Barron’s inquired as to the source and composition of this magical $1 trillion number and received a surprisingly frank answer:

“When I asked IBM about the $1 trillion opportunity, the company said the projection came from the Boston Consulting Group and McKinsey. And it includes private clouds, public clouds, and virtual private cloud spending. The IBM spokesperson said the hybrid definition includes not just servers, but also software, business process, and services.”

So hybrid cloud for IBM is the kitchen sink (and note hardware comes first on the list). It is anything and everything they already sell (or already resell in the case of Red Hat), albeit in ever diminishing quantities in recent years.

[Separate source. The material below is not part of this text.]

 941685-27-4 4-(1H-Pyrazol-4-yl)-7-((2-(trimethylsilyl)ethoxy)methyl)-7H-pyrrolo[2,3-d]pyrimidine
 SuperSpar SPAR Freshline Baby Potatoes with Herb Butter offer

A catalyst that “changes everything” is notably absent.

The entire IT market was about $3.65 trillion in 2018 per Gartner, so this is simply reclassifying vast swathes of the existing market to be “hybrid cloud”. IBM is belatedly catching up to its legacy peers with the latest incarnation of cloud-washing (savor the irony of fellow-cloud-also-ran HPE defining cloud-washing in that link), whereby vendors dub their Same-Old-On-Premises-Shit (SOOPS) to be cloudy because it is so much easier than actually building a product portfolio for the cloud era.

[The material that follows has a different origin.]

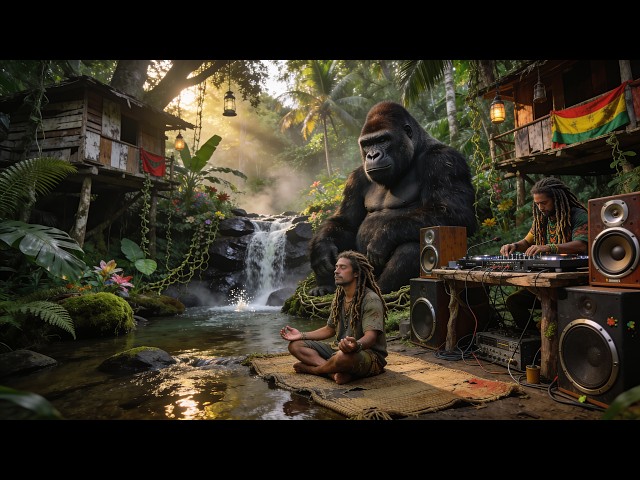 Deep Dub Reggae 🌿 Jungle Meditation | Heavy Bass, Roots Vibration & Healing Energy 2026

And what kind of an aspiring industry leader has to go out of house to figure out the size of their market opportunity? McKinsey should be your go-to for propping up authoritarian regimes, CEO insider trading, and pioneering the Enron business model, but not for forecasting technology markets.

IBM has a long and glorious history of playing fast and loose with their cloud numbers. First they classified a big chunk of their existing revenue as cloud (i.e. they were hybrid cloud before it was cool!), but were then forced to break out what was and wasn’t subscription revenue, which resulted in IBM’s ridiculous cloud and not-cloud cloud revenue lines. Then, they revised their reporting segments and tried to draw attention away from across the board revenue declines with their so-called “strategic initiatives”. Cloud was one of their strategic initiatives, but it turns out they were stuffing mainframe sales into it, at least until it was no longer beneficial to do so (if you click on just one link in this post, it should be the previous one). Bottom line: numbers from IBM are not to be believed.


While it is disappointing that this deal appears to be a legacy-first, cloud-washing exercise to sell SOOPS, lets try a thought exercise to prolong this post. Pretend IBM actually understands software and further presume they realize they need a coherent software platform spanning both on-premises and the public clouds to have any real hybrid cloud strategy or relevance. What about Red Hat, combined with IBM, “changes everything?”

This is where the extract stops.